At first glance, portraying Echo as Satan seems to go against Sor Juana’s feminist belief system. However, according to Stephanie Merrim, Sor Juana’s play “enacts the drama of the divided woman, the dark versus the light heroine” (p. 95). Sor Juana included some “received norms” of her time, especially her extension of the biblical and dramatic norms that the woman is the temptress and trouble maker. However, she also included Human Nature, who is the purified Echo. Both were pure before the Fall, Echo as an angel, and Human Nature as untainted by sin. Echo attempted to stop Human Nature from reaching the purifying waters to keep her as Echo’s tainted double. Human Nature still succeeded, and was able to unite with God again as her originally pure self through the Eucharist. Echo is denied this holy reconciliation, and is thereby punished for her evil deeds. Through this play, Sor Juana illustrated the dualism of women, and the troubles thereby faced. The “divine” woman who strives for God, in Human Nature, ultimately receives the most magnificent gift possible for a religious individual; she is reunited with the Holy.

The role of Mary in El Divino Narciso also shows a lot about the climate that Sor Juana was writing in. She portrayed Mary, represented by the pure spring, as having an active role in the formation of Christ/Narciso, the power to cleanse and united the human and divine through helping Human Nature find the fountain. She was not just a passive carrier of the divine, she was a very active and strong feminist figure in the play. The cult of the Virgin Mary was established in this time period. According to Frances Kennet, Sor Juana’s “Father Confessor Nuñez de Miranda was head of a fervent Brotherhood of Mary” (p. 77). She gave Mary a role in the Trinity by showing her presence in the fountain of purity. She also represented Mary in the white flower of the Eucharist, which is not only a commonly accepted symbol for Mary but also the native flower of Mexico.
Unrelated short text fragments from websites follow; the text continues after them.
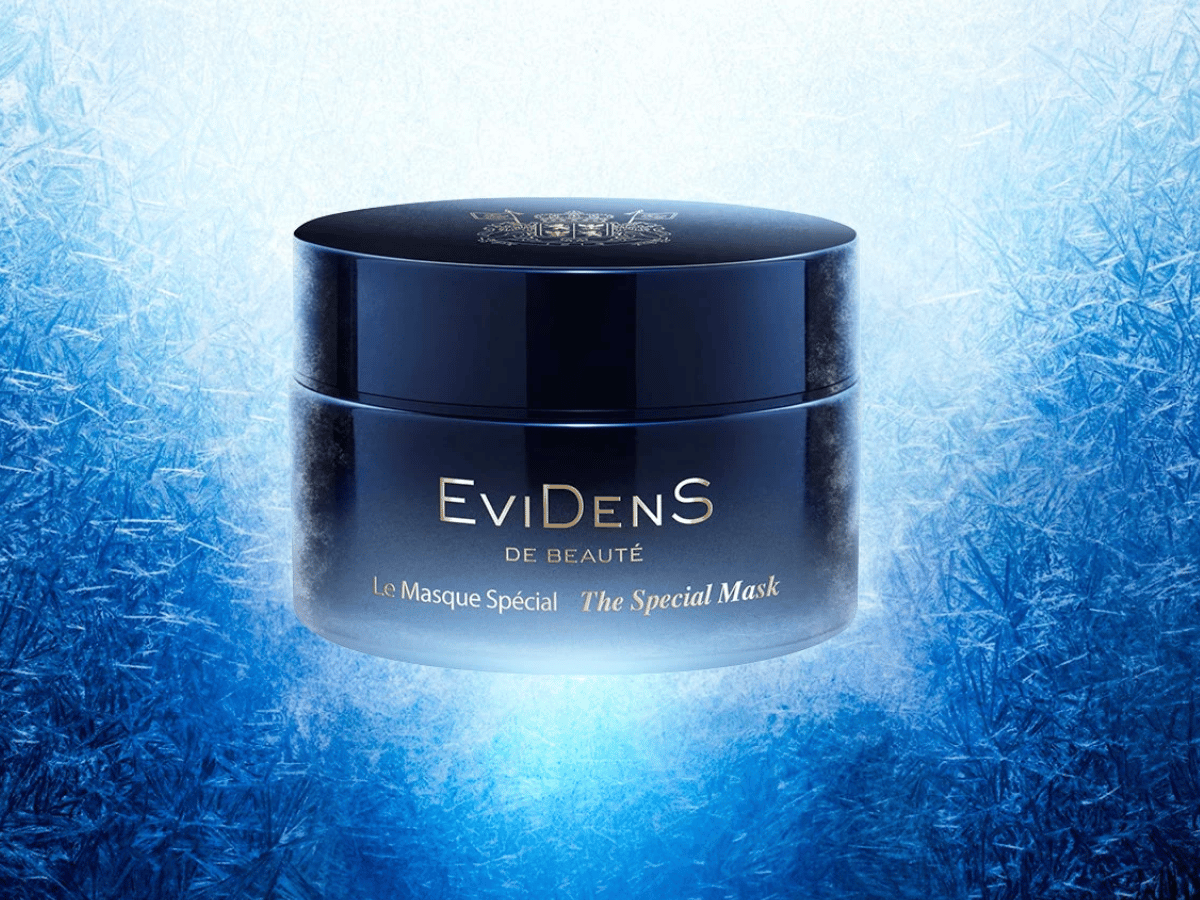Evidens de Beaute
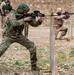 Coalition Forces Fire Away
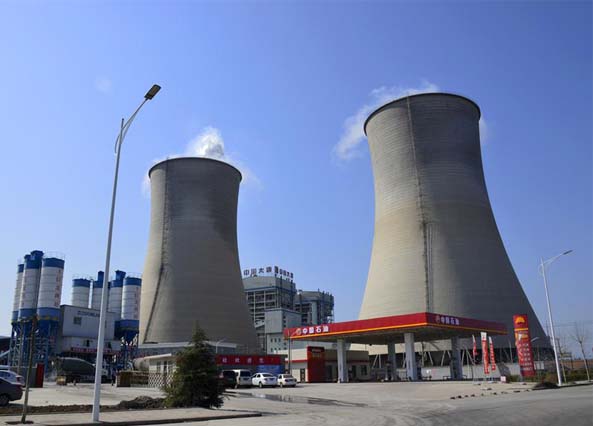 電廠用羅茨午夜免费小视频案例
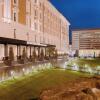 Отель NH Collection Roma Palazzo Cinquecento, фото 27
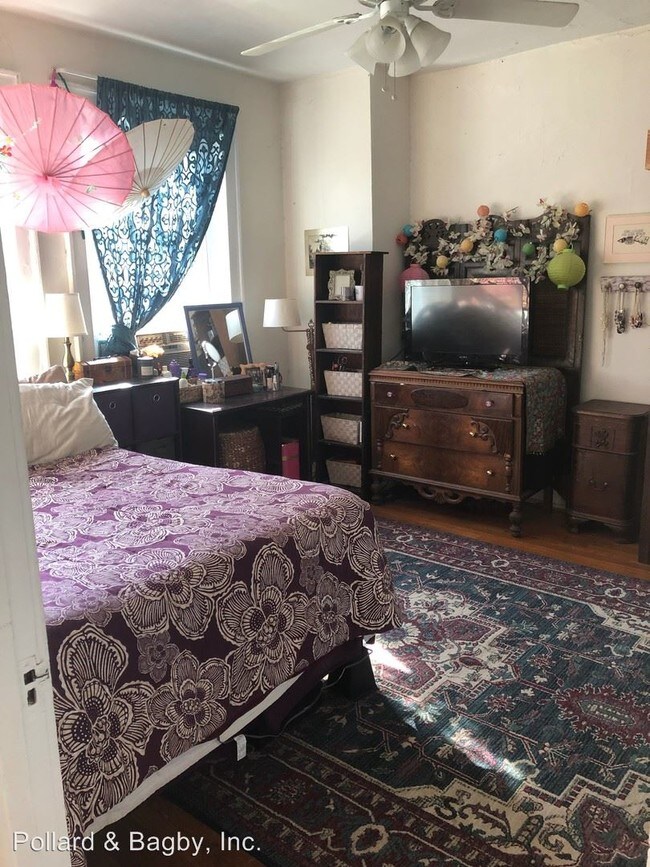 Building Photo - 218 S Arthur Ashe Boulevard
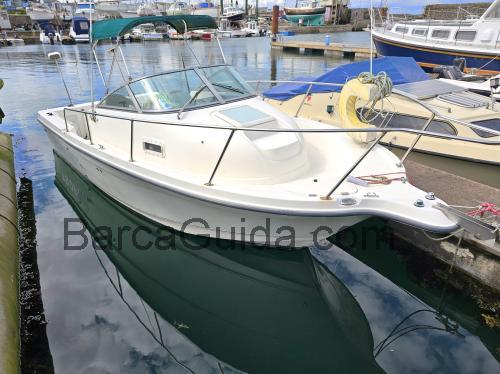 Trophy 2052 WA recensioni e scheda tecnica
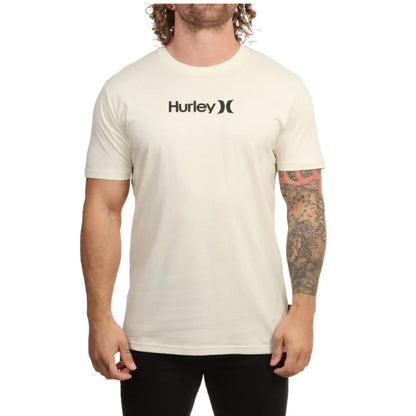 Summer Classic Logo T-shirt with Small Design on The Chest A Surfing Brand with European Brand Print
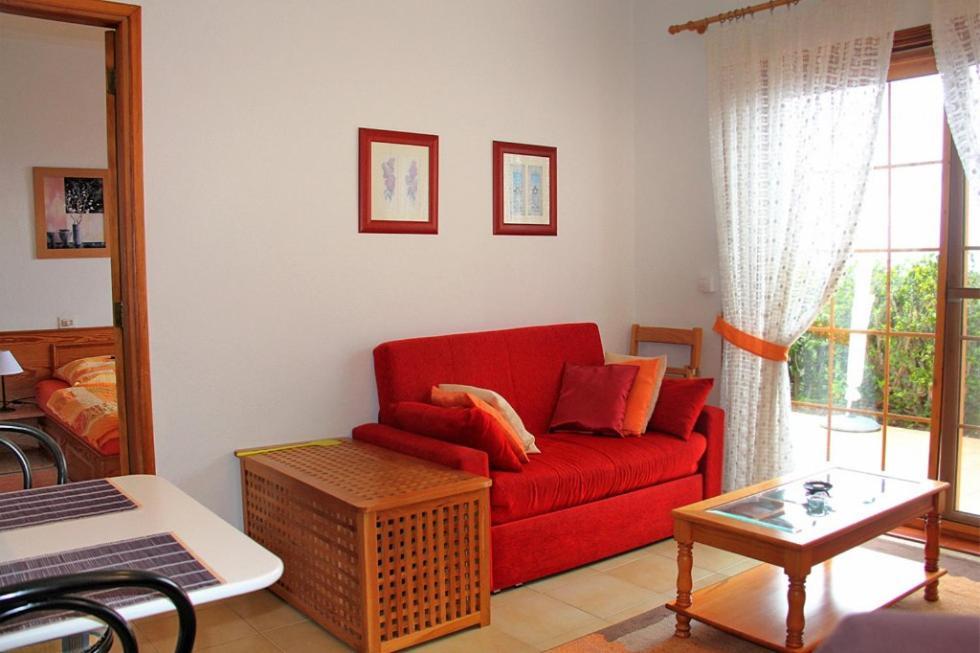 Jardin De Aridane Hotell El Paso Exteriör bild
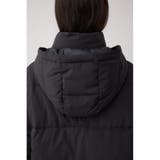 B-HEAT フード付き中綿ジャケット | AZUL BY MOUSSY | 詳細画像29 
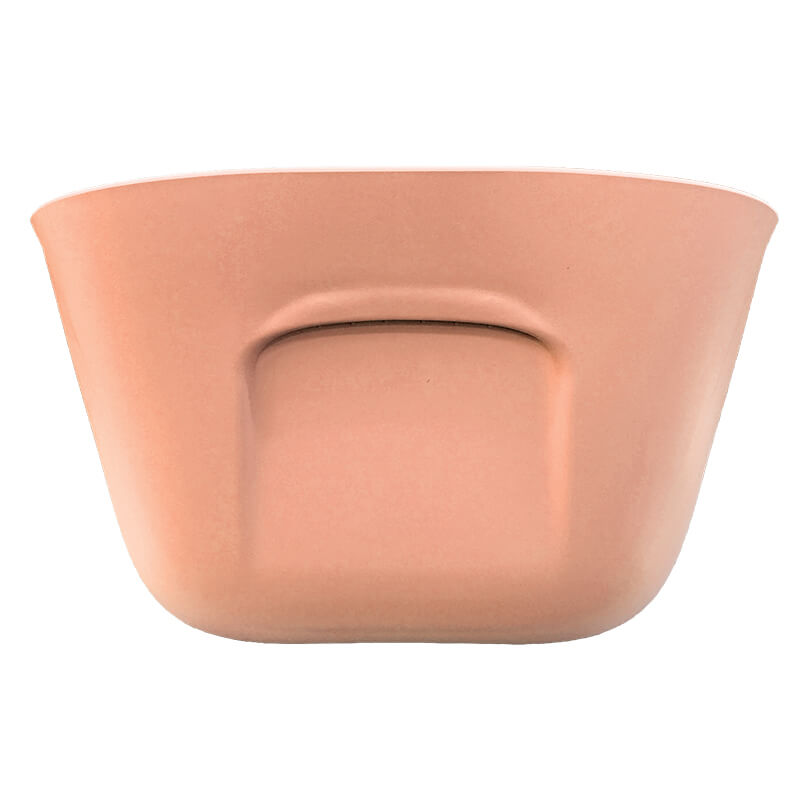 Wally Eco Rose Wall Planter - Trofolia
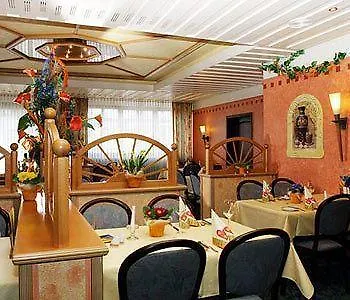 Ringhotel Reubel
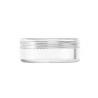 China Smooth 5ml Acrylic Concentrate Containers , Screw Top Plastic Concentrate Containers wholesale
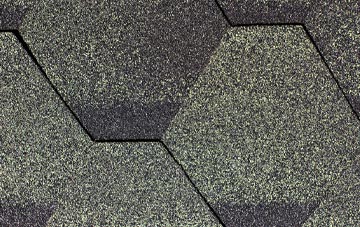 Floods Ferry fibreglass shingle repairs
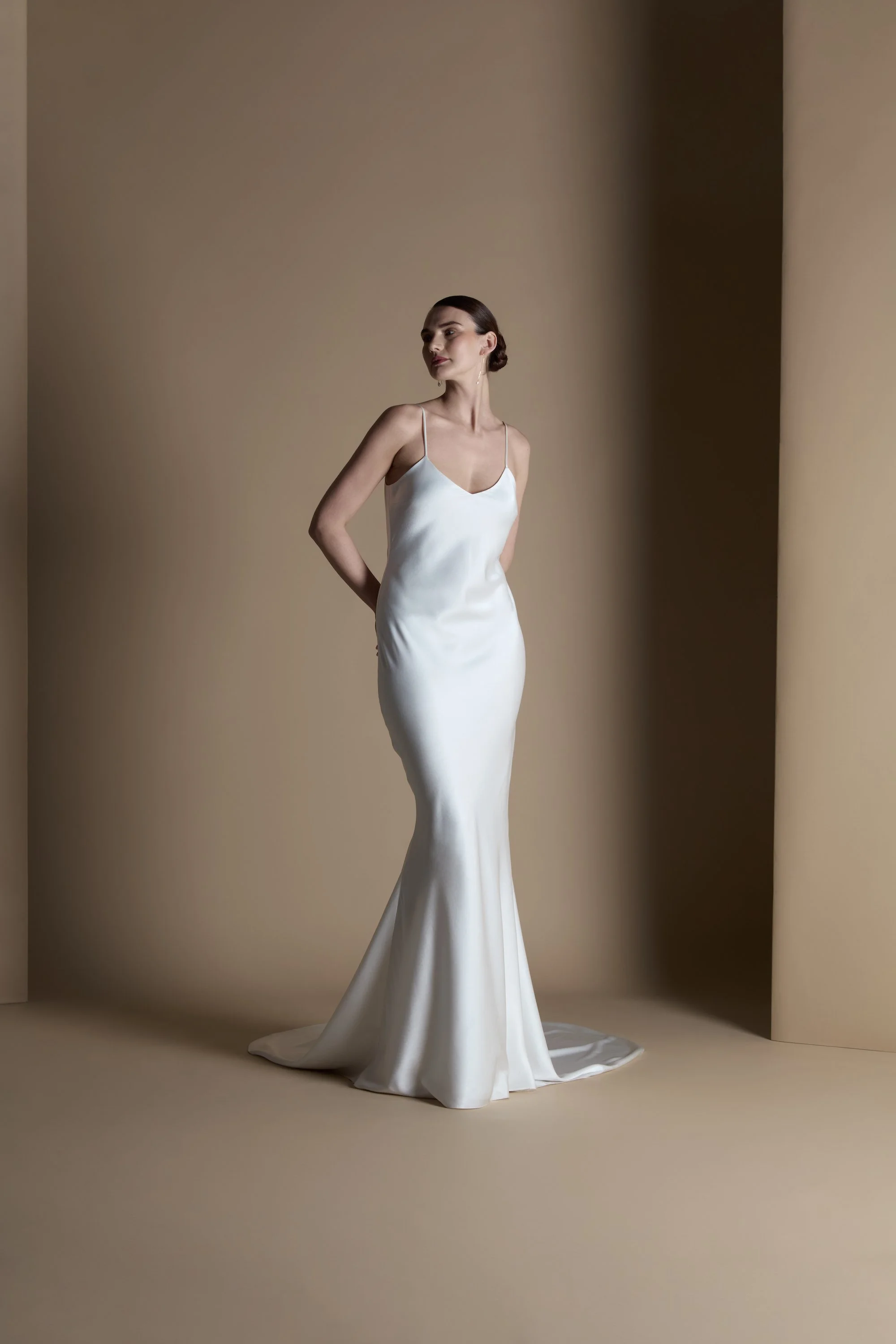 Halfpenny London India Slip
The political climate of Sor Juana’s time period was ripe with censorship, especially through the church, and especially for women. She used the baroque style of writing to engage in such discourse without being stopped by the Church. The complex, many layered style of writing, “the astounding formal and conceptual complexity that characterizes the writings of Cervantes, Lope de Vega, Quevedo, Góngora, Calderón de la Barca and other Renaissance and Baroque Spanish authors derives partly from the need to mask ideas that might be considered questionable. With that necessity came the invention of and the taste for verbal camouflage” (Kennet, p. 60). Sor Juana used her writing less as a way to define political unease or conflict than to create a political and religious experience, since an auto sacramental was performed out on the stairs or in the courtyard of public gathering places. It was a shared experience for the public, making this type of writing an ideal way for Sor Juana to share her ideas and beliefs.

Sor Juana Ines de la Cruz took a rather simple myth about Narcissus and Echo and turned it into a multi-layered, beautifully written public discussion of religion and politics. The major themes in El Divino Narciso are those typical of the baroque: deceit, jealousy, unrequited love, the transient and ephemeral nature of life (Andre, She used the combination of mythological Greek goddesses and strong female characters from the Bible to develop a sense of gender awareness and express her feminist ideals to the general audience through figures they would recognize. While not a work she is best known for, El Divino Narciso is an important work that stands out among those in its genre.


Works cited:

Merrim, Stephanie, 1990. Feminist Perspecitves on Sor Juana Ines del la Cruz. Chapter 5: Mores Geometricae: The "Womanscript" in the Theater of Sor Juana Ines de la Cruz.

Paz, Octavio, 1988. Sor Juana: The Traps of Faith.